I recently took my son to the mall where we spent time at his favorite spot: the toddler play area.  It’s here that he loves to run ferociously around a padded play track that looks like a roadway.  He also likes to crawl through a train-shaped tunnel, climb an oversized baseball bat, and slide down a little dog-shaped slide.  It is this last structure that tends to cause problems.  The slide has been the site of many toddler scuffles in the past year as energetic and impatient boy and girls (like my son) struggle to share the alluring dog slide.  On quite a few occasions I’ve caught my little angel shoving a kid he thought was taking too long to go down the slide, or getting in a little skirmish at the bottom of the slide with a kid who had the nerve to slide down after him and try to dislodge him from his new home at the base of the slide.

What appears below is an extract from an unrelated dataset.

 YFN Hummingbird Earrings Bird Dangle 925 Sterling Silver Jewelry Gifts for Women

These little toddler squabbles with my son typically end with dad breaking things up and asking my son to say he’s sorry to the other child.  I do this because I want my son to understand that his actions matter; that what he does to people is important.  I want my son to know that if you wrong someone then you need to own up to it and apologize.  It’s the right thing to do.

So I was intrigued by a news story I caught this morning out of the House of Representatives.  Tuesday the House passed H. Res. 194 issuing an apology for slavery.  Perhaps some of you would be surprised to learn that the US government avoiding such an apology so long.  Twenty years ago congress apologized for its treatment of Japanese-Americans in WWII; an apology that was backed with financial reparations.  The magnitude of wrongs committed by Americans and a complicit government during the years of slavery and Jim Crow are nearly incomprehensible to young people today.

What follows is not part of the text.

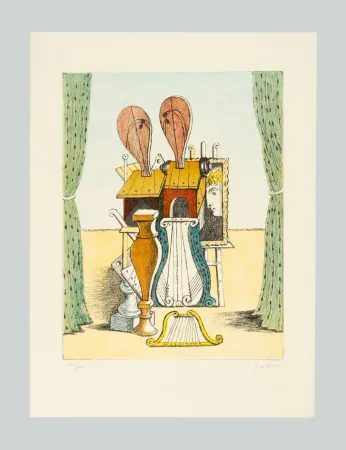 Lithograph De Chirico - Le Muse della Musica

The resolution is written as a step forward in our long healing process as a nation.  Acknowledging our wrongdoing, even if it is far overdue, is healthy.  The Christian faith embraces the spiritual power of confession (see the book of James 5:16).  

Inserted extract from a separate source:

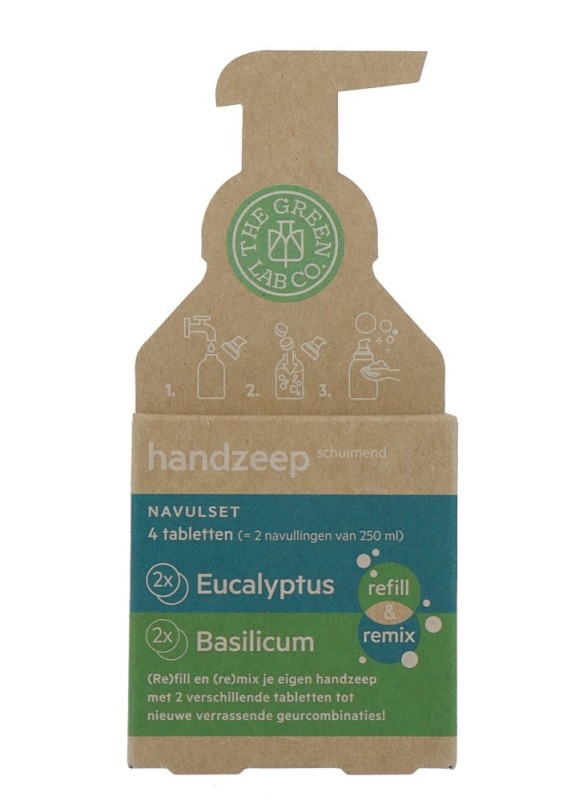 The Green Lab Co Handzeep navulset eucalyptus & basilicum 4 Stuks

Therefore confess your sins to each other and pray for each other so that you may be healed.

More than that it’s something the parent of any toddler realizes: when you do something wrong, it’s important to own up to it and to apologize.

I don’t know what difference this makes in the long run, but I do know that I’ve more appreciation for a government that will embrace it’s sins than one that sweeps them under the rug.  When I talk with my son someday about the sins of our past, I can at least point to a much belated apology too.

Here’s a section of the resolution:

Whereas an apology for centuries of brutal dehumanization and injustices cannot erase the past, but confession of the wrongs committed can speed racial healing and reconciliation and help Americans confront the ghosts of their past…

Whereas it is important for this country, which legally recognized slavery through its Constitution and its laws, to make a formal apology for slavery and for its successor, Jim Crow, so that it can move forward and seek reconciliation, justice, and harmony for all of its citizens: 

Now, therefore, be it Resolved, That the House of Representatives— 

(1) acknowledges the fundamental injustice, cruelty, brutality, and inhumanity of slavery and Jim Crow; 

(2) apologizes to African-Americans on behalf of the people of the United States, for the wrongs committed against them and their ancestors who suffered under slavery and Jim Crow; and 

(3) expresses its commitment to rectify the lingering consequences of the misdeeds committed against African-Americans under slavery and Jim Crow and to stop the occurrence of human rights violations in the future.